Side note: this is probably why no one asks me to the movies anymore.
K, bye.



Monday, April 16, 2012

A quote and a little something for your nightmares

This goes against my dogged dislike for personifying food but it was so good, I want to remember it.

I'd go to the bakery, look past the glass cabinet at the donut machine, I'd remember standing on a chair watching the yellowy dough extrude into the hot oil, watching the donuts form, roiling in the agony of becoming.

--from "Another Bullshit Night in Suck City" by Nick Flynn

I guess that speaks to the sometimes notion I have that things that cook can feel, even the ones that didn't used to be sentient. It bothers me that something can be made self aware, only to be consumed. However, if it is well written, apparently I like it. Have I mentioned before how stupid I can be?

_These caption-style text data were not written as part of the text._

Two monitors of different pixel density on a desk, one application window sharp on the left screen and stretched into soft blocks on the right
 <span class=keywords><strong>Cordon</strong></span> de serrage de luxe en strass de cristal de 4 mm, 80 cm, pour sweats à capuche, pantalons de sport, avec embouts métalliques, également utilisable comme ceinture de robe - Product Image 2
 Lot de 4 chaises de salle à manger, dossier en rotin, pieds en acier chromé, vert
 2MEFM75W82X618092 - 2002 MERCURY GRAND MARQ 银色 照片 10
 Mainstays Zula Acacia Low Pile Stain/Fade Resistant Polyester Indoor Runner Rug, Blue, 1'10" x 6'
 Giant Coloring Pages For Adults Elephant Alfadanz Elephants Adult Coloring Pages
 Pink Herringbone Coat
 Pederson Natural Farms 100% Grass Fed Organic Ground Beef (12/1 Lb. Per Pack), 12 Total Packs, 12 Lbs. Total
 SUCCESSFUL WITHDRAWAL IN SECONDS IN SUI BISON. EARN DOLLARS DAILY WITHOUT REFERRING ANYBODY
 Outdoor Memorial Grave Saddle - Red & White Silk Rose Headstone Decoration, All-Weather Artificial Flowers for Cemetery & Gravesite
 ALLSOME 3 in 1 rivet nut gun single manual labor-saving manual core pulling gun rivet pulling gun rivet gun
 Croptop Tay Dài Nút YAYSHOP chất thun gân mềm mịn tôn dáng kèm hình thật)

Before you answer that, ask yourself, does this disturb you?

Why God? Why?

Saturday, April 14, 2012

Things go better with a little bit of Razzmatazz

The band Pulp has been part of my consciousness since that fateful afternoon in Bouton Hall when my friend Ama and I were chatting and she said "Listen to this." I can't tell you how many times in my life a friend or family member will say those words to me and my life alters in an instant. Granted, this happened a lot more between the  years 1994-2000, but those were formative years for me anyway. I've never been able to adequately describe music with words (a strange and noble pursuit, btw) but this is how the conversation between the album "Different Class" and me went down, all those very long years ago:

Jarvis Cocker: Well, hello there. This is what my life is like.
Me: I am beatified.

Needless to reiterate, I. Love. Pulp. When I heard they were doing a show, the first in 14 years in NYC, I jumped up and down. I assure you that is 100% true. When was the last time you jumped up and down out of elation? If it has been awhile, you need to go out right now and find something that will make you do such a thing.
They played everything I wanted to hear apart from one song (Pink Glove), which is not something I'm going to dwell on because frankly, I would have been happy to see them if they played a set composed of entirely songs by Nickelback. The energy of the band, the in between songs banter (Cocker peppered the conversation with facts about April 11, including quotations by Kurt Vonnegut), the stage and lighting design, the timeless timeliness of the music has not changed. Too often, when older bands reunite, they teeter too close to the edge of being hokey or even depressing. None of that happened. It was perfect. It was like reliving my early 20s but with all the knowledge and experience of my 30s. A few weeks ago I made fun of a reunion tour of Aerosmith and Cheap Trick but I take it all back. If you feel that way about those bands or any band that reunites, enjoy it. REVEL in it. It is the only way to go back while staying here.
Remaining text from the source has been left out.